Dieu s'est fait connaître aux hommes dès le début de
ce que l'on peut appeler l'Histoire : il y eut Abraham, puis Moïse par
lequel Dieu donna aux hommes sa Loi, ensuite il y eut
les prophètes inspirés par Dieu, mais le cœur des hommes est souvent resté
fermé à leurs paroles. Enfin, précédé par Jean-Baptiste,
le dernier grand prophète, sinon le plus grand, vint Jésus, celui que Dieu avait prévu dans son immense sagesse pour révéler son plan de salut. Espérance des hommes, Jésus, le Messie (Christ), est venu jusqu’à nous pour nous conduire au Père, son Père, mais aussi notre
Père, qui a voulu ainsi manifester son Amour
infini pour l’humanité de tous les temps, Amour qui s’exerce
dans deux directions, celle de la création façonnée par Dieu, et celle du
malheureux implorant Dieu, afin que tous les hommes soient réunis pour une vie éternelle, en ce que les
évangiles appellent "le Royaume", et que ce qui était la Loi
fut accompli entièrement dans l’Amour (« L'accomplissement parfait de la Loi, c'est l'Amour. » en Rm 13,10). Notons au passage
l’insistance marquée par tous les textes à propos de l’Amour de Dieu ; si
on enlève l’Amour de Dieu de toute l’histoire de l’humanité, il ne reste qu’un
banal récit sans fil conducteur, une absurdité comme le soulignera le
philosophe Jean Guitton.
Par Jésus, Dieu accomplissait ce qu'il avait annoncé
d'avance par la bouche de tous les prophètes, que son Christ souffrirait (Ac
3,18) et mourrait sur la Croix (Cf Isaïe
52,13-53,12 : quatrième chant du Serviteur). Mais
Jésus, dont Dieu avait authentifié la mission en
accomplissant par lui des miracles, des prodiges et des signes, Dieu l'a
ressuscité en mettant fin aux douleurs de la mort, car il n'était pas possible
qu'elle le retienne en son pouvoir (Cf. Ac 2,22-24).

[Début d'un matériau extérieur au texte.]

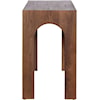 Meridian Furniture Arch Console Table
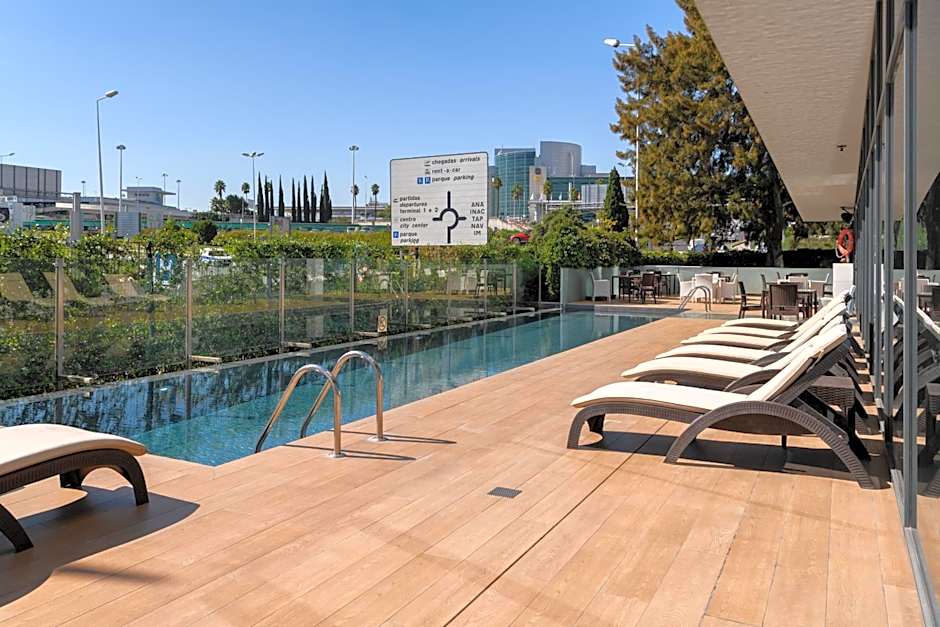 Melia Lisboa Aeropuerto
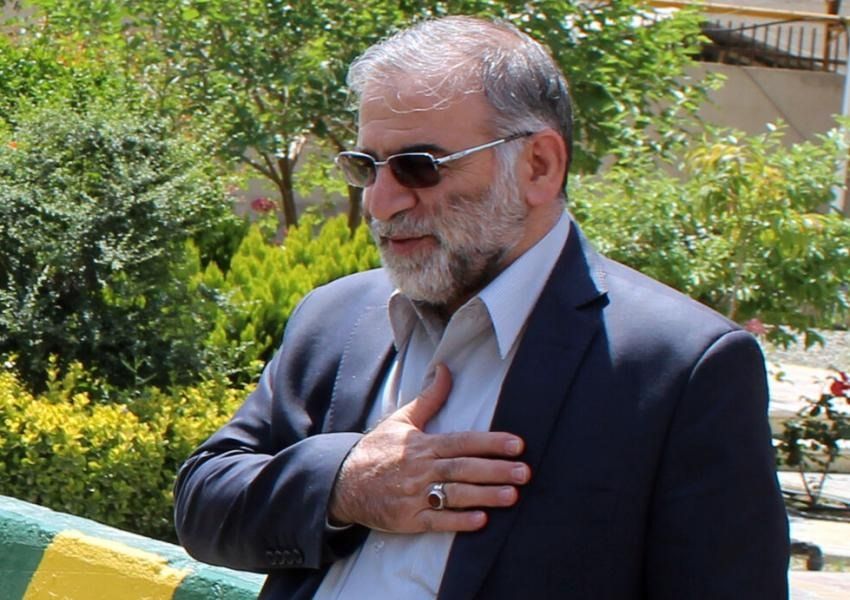 جمهوری اسلامی چهار نفر را به اتهام 'جاسوسی به اسرائیل' به اعدام محکوم کرد 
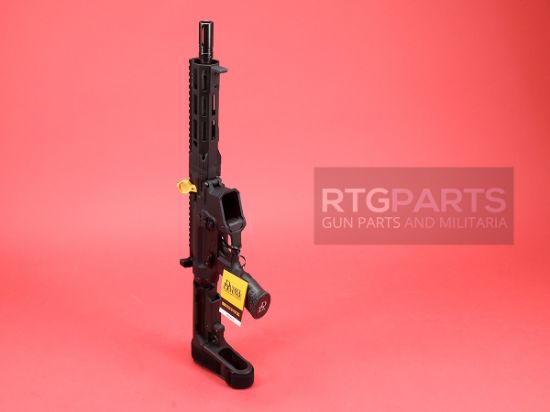 Picture of DANIEL DEFENSE PCC 8.3 INCH 9MM PISTOL WITH 5X35RD MAGS, 02-189-06272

Tout cela, nous le savons aujourd’hui par le
témoignage de ceux qui ont vécu à cette époque. La conclusion appartient à
saint Jean :
« Nous qui avons vu,
nous attestons que le Père a envoyé son Fils
comme Sauveur du monde. »
(1 Jn 4,14)
Il ne faut pas oublier que la foi, qui est la
nôtre en ce temps, bénéficie à la fois de l’action d’évangélisation des tout
premiers témoins des évènements et de la réflexion entreprise par la suite par
les premiers chrétiens dans les quatre premiers siècles de notre ère.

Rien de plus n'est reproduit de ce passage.